SÃO PAULO - Leio, na coluna de ontem de Gilberto Dimenstein, frase do ex-ministro Mário Henrique Simonsen a respeito dos juros, cuja essência é a seguinte: ``Tudo o que a Fiesp quer é mais inflação".
Pena que ninguém perguntou por que a Fiesp (ou o empresariado de modo geral) gostaria de mais inflação. Se se fizesse a pergunta, a ``boutade" se diluiria como o que de fato é: mera bolha de sabão.
Primeiro, porque até meu neto Tiago, que nem fez três anos ainda, já sabe que quem tem dinheiro e sabe aplicá-lo ganha dinheiro com inflação alta, média, baixa, baixíssima, altíssima ou zero. É assim desde que o mundo é mundo.
Segundo, porque, no caso particular brasileiro, o empresariado encheu as burras de ganhar dinheiro no tempo em que a inflação era baixa, nos idos do famoso ``milagre brasileiro". Simonsen tem idade suficiente para lembrar-se.
Terceiro, porque a inflação alta não é necessariamente uma aliada do industrial. Basta olhar séries estatísticas recentes: a atividade industrial em São Paulo desde 1989, o ano da mais recente disparada inflacionária, foi caindo ano a ano até 1992. Tomando-se 100 como referência para 89, caiu para 88,6 em 90, para 87,4 em 91 e para 83,8 em 92.
Só voltou a ser maior do que os 100 de 1989 em 1994, exatamente o ano que foi metade de inflação alta e metade de inflação baixa.

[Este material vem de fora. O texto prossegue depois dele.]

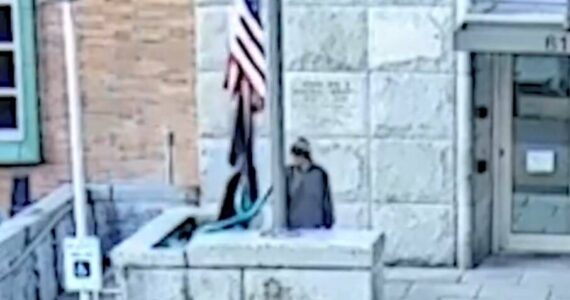 KCSO courtesy photo
Footage from security cameras around the Kitsap County Superior Court in Port Orchard shows an alleged suspect stealing the American flag from the outside flag pole.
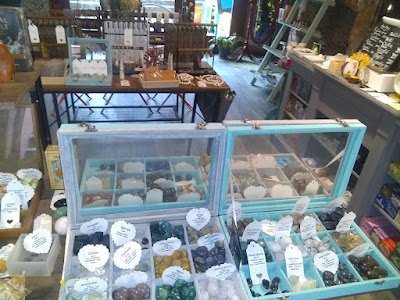 Display featuring crystal points, polished stones, and raw mineral specimens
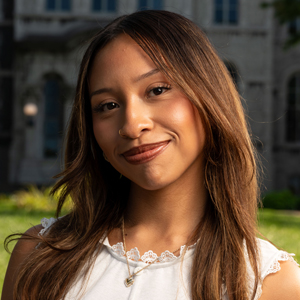 A student smiles with long brown hair, wearing a white top with lace trim.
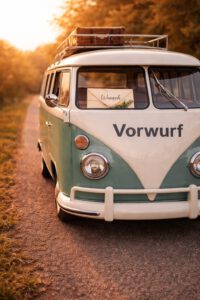 Alter VW-Bus im Sonnenuntergang mit der Aufschrift Vorwurf und einem Brief Wunsch hinter der Windschutzscheibe, Sinnbild für den Wunsch hinter jedem Vorwurf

E a produção explodiu justamente no período de inflação baixa.
Quer-se outra série estatística? IBGE, pesquisa industrial mensal: a produção industrial caiu em 90 (sobre 89) e voltou a cair em 91 e 92, sempre anos de superinflação.
É claro que o empresariado não morreu de fome por isso, mas os números provam que a inflação alta não é sinônimo de ganhos certos para a atividade produtiva, embora o seja para a especulação. O que, de resto, é o óbvio ululante.
Nesse ritmo tatibitate de argumentos, algum brasileiro ainda vai provar que inflação baixa é boa para o pobre mas prejudica o capitalista e, por extensão, o capitalismo. É capaz até de ganhar o Nobel de Economia.